TO DO: The line containing "Apartamento à venda com 95m², 3 quartos e 2 vagas Apartamento" and each line after it, through the final line of the data, are to be retyped exactly, with pictures left out.

SOURCE DATA:
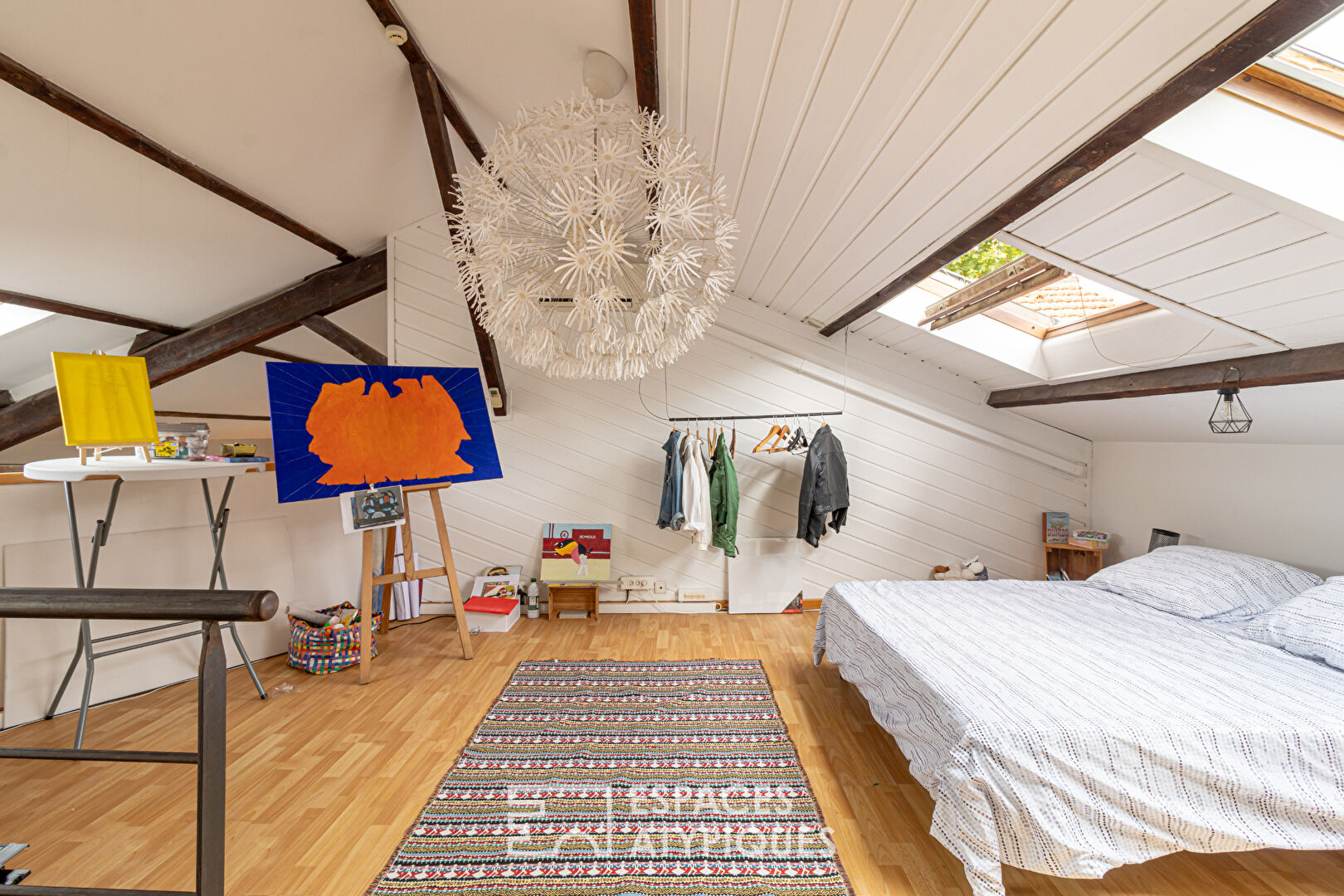 Loft en Duplex au Charme Industriel – Marseille 16ème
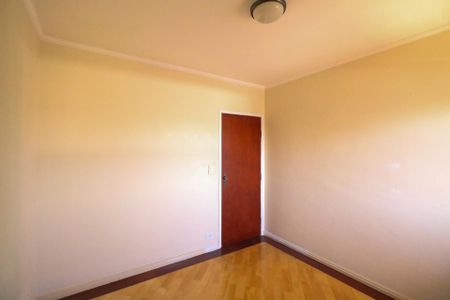 Apartamento à venda com 95m², 3 quartos e 2 vagas Apartamento à venda com 95m², 3 quartos e 2 vagasQuarto 2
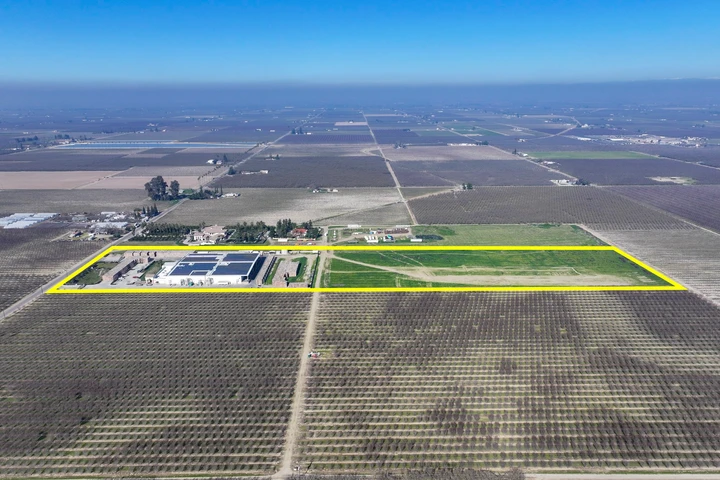 Nearby Listing Image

ANSWER TO THE PROBLEM:
 Apartamento à venda com 95m², 3 quartos e 2 vagas Apartamento à venda com 95m², 3 quartos e 2 vagasQuarto 2
 Nearby Listing Image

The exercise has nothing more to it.